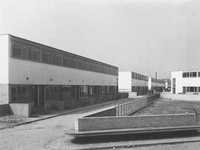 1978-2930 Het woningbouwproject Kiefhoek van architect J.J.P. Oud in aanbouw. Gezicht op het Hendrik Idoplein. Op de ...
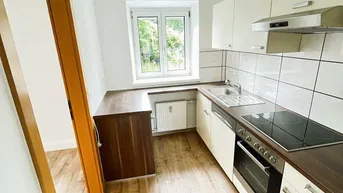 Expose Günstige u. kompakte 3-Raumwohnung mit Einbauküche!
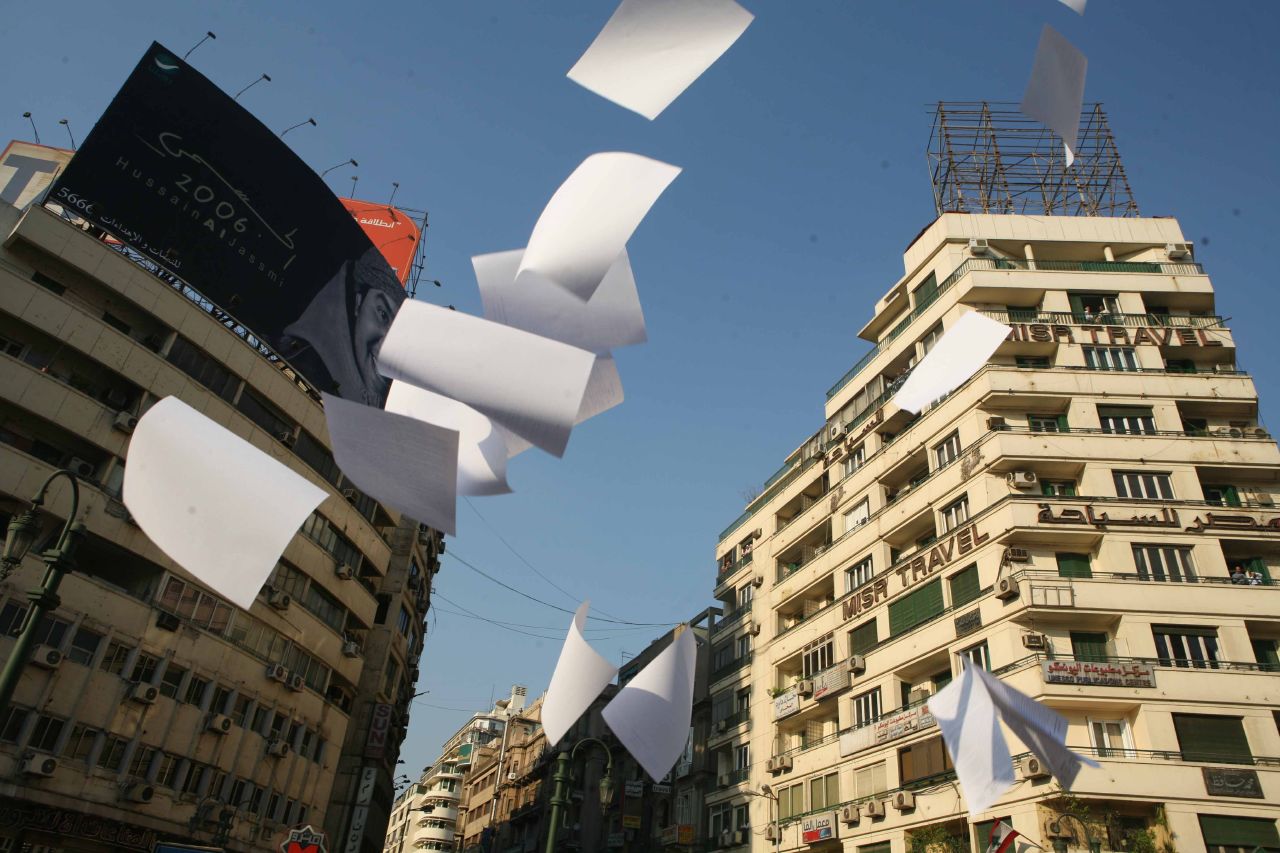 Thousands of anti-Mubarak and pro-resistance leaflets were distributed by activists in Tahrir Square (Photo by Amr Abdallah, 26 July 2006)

:: Exercise requirements ::
Retyped exactly, the lines from the one holding "Expose Günstige u." through the last line of the data above are the whole answer. Pictures stay out.

:: Response area ::
 Expose Günstige u. kompakte 3-Raumwohnung mit Einbauküche!
 Thousands of anti-Mubarak and pro-resistance leaflets were distributed by activists in Tahrir Square (Photo by Amr Abdallah, 26 July 2006)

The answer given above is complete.